Primrose smiles as she takes the coffee from him. He hands her a leaflet for the upcoming student event.
PRIMROSE
What’s this?
JOE
Party on Thursday night. Tell your friends.
PRIMROSE
Will there be free coffee?
JOE
Why don’t you come and find out?
PRIMROSE
Touché...
Primrose heads for the exit. She stops in the doorway and turns to Joe.
PRIMROSE
[Shouts] May the odds be ever in your favour!
Primrose leaves and Joe shakes his head, laughing, as he takes another five from his pocket and slots it into the tip jar.
The next customer is a MAN IN A SUIT. Joe doesn’t look up as he approaches.
JOE
What can I get you?
MAN IN SUIT
A yes.
JOE
Excuse me?
Joe looks up as the man slides a thick A4-sized envelope across the counter to him. At the top of the envelope is the logo of Coffee-a-Go-Go - a local chain.
JOE
Oh, it’s you.
MAN IN SUIT
Busy tonight...
JOE
Glad you noticed - means you’ll understand if I don’t stop to chat.
The man smiles and nods to the envelope.
MAN IN SUIT
Alright, I’ll get out of your hair. Just promise me you’ll think about it.
JOE
Final offer?
MAN IN SUIT
I hope so.
He gives Joe a wink and purloins a small packet of biscuits from the counter as he leaves, tossing a few coins down in their place. Joe nods and waves the next customer forward.
CUT TO:
INT. ALL NIGHT JOE’S - CONTINUOUS
Time-lapse of Joe working his way through the queue until, at last, there is just one customer left.
SARAH is the last in the queue. Joe is busy clearing up a fairly hefty spillage around the coffee machine. As he looks up she points to a poster on the wall, advertising an upcoming student party.
SARAH
It’s not that time again already, is it?
JOE
Best party of the year!
SARAH
I thought they’d only just gone home for the summer. When is it?
JOE
Thursday. You should stop by.
SARAH
I’m supposed to be working, but if it’s quiet I’ll see if I can stop by.

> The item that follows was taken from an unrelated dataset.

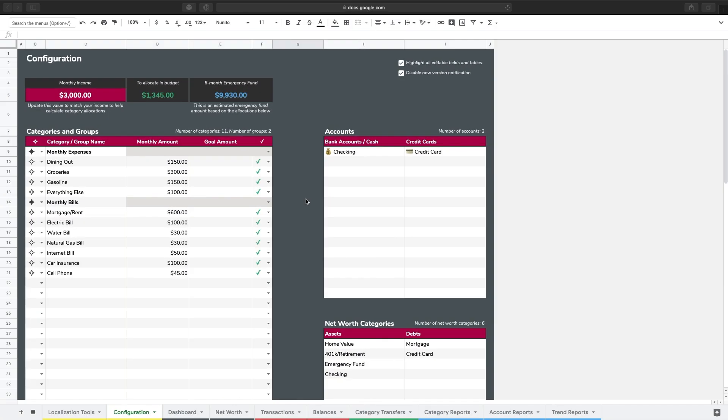Hey everyone and welcome to this tutorial. In this tutorial, we're going to be talking about reportable categories and how to configure them in the new Aspire spreadsheet.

He offers her a smile as he reaches for a takeaway cup.
JOE
The usual?
She offers him a sweet smile as she takes a five from her pocket.
SARAH
Two - Hales will freak if I don’t take one back for him.
(beat)
I like your suit. You going somewhere nice?
JOE
Funeral.
SARAH
Oh...
JOE
We buried my dad this afternoon.
SARAH
Shit, I'm so sorry! I...
JEFF
It's okay.
SARAH
No, it's not - I'm a horrible person!
JOE
Forget about it - you weren't to know.
He pours two cups and hands them to her. She offers the five but he waves it away.